Thanks for responding....in case the server is busy and I cant thank your individual replys.


----------



## 4u2sm0ke (Aug 24, 2009)

good morning *tc*...:ciao:  im no season grower but feelm i can help on some..




I looked up on net when flower starts here in seattle..and another thing I think the stretch can be a good indicator..My pstols last year was more orange..but  think strain depends..Not sure on  #3  so hitting :bong:  and moveing on..I allways Harvest in sections..Indoor and out..makes for diffrent meds..I think the top finishes first anyway and lower stuff needs a bit longer. as for how much should be left..that up to you.  are ya revegging any?  if so  leave some lower buds and leaf on...Just my thaughts..Take care and be safe


----------



## tcbud (Aug 24, 2009)

You are "seasoned" enough 4u, stick a fork in you...I'll call you done.

I called the pistles brown, I should have said dried?  You know they go from white to a dried color, be it red, brown, orange.....I ment turned from the original fat plump pistles to the more dried hairy looking pistles.

Are you looking at the calix when you test for ripeness or the small leaves that come from the bud?


----------



## pcduck (Aug 24, 2009)

Hey *tc :ciao:*


> hairy looking pistles



That is when I know they are getting real close, but mine look sticky wet and not dried:confused2:


----------



## tcbud (Aug 24, 2009)

pcduck said:
			
		

> Hey *tc :ciao:*
> 
> That is when I know they are getting real close, but mine look sticky wet and not dried:confused2:


 
Yes..exactly, my Afgoo girls are looking really close to being done....and the pistles are still fat and juicy looking with only very few going to the dried "hair" look.  This is why I was wondering the question.....

Should pistles always be "dried/brown" before harvest?


----------



## Mutt (Aug 24, 2009)

> 1.  Since you do not turn lights to 12/12, how do you determine a plant to be "IN" flower?
> (I wait till I see five or six pistles when looking directly down on the growth end to call it in flower.)
> a.  Anyone think an actual flower should be seen to call it "flowering"? (for determining length of time in flower)


I still call it pre-flower....unless in august then its startin up its flowering months.



> 2.  Should pistles always be brown before harvest?


I don't pay attention em.
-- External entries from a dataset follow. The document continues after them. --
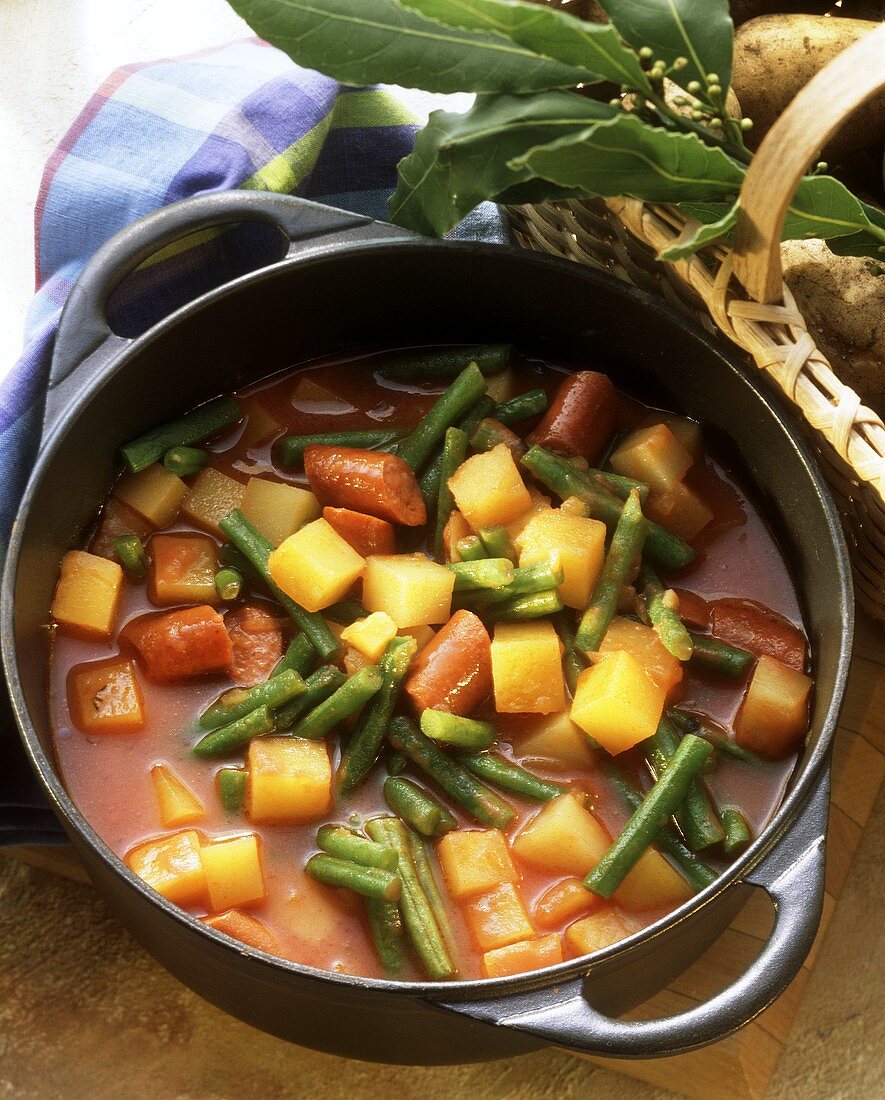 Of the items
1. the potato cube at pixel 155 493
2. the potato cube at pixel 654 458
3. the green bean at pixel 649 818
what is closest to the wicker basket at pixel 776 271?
the potato cube at pixel 654 458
Trichs tell ya.



> 3.  The trichs on the leaf comming from the bud are amber, the trichs on the buds themselves are still cloudy. Is this normal?
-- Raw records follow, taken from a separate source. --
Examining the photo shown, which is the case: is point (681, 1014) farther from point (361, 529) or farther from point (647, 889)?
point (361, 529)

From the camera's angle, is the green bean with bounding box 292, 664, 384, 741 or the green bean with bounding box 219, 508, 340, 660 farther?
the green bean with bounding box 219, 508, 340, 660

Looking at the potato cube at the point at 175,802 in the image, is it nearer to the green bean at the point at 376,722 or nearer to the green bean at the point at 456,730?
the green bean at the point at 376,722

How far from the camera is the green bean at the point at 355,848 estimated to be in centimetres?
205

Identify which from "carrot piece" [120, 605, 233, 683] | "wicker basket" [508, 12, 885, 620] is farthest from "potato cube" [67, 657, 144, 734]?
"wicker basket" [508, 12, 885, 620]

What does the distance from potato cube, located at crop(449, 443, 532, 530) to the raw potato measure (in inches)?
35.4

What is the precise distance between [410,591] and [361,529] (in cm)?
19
You are in the "harvest window" now its up to you how you want your stone. If you have several cuttings of the same plant going...taking each one at different times to see which one you like best. Then next time you run it you know exactly when you want to harvest 



> 4. If the center cola is showing amber (what ever ratio you want) can you take just it and leave the rest of the plant to "mature" longer?
> a. If so, how much should be left? I have heard you can take up to one third and the plant will live, but will this stress an outdoor plant to the point of taking weeks to come out of it?


Yeah you can, will help fill in the lowers. I'd just take the main then leave it for a little bit. then work my way down if i did it that way...i just hack the whole thing down and hang it...no trimming LOL when its dry those leaves come off real easy after.


----------



## tcbud (Aug 24, 2009)

Mutt, these girls went into flower in June for some reason, last Wed. marked eight weeks for them.  The pistles are still very much white and the leaves on the buds that are larger ...are pretty golden colored on the trichs.  I thot they would revedge, but they didnt.

All the others have gone in flower with August, and are like 2-3 weeks into flower.  I pretty much have them down to the when....I am just having trouble with these early Afgoo girls.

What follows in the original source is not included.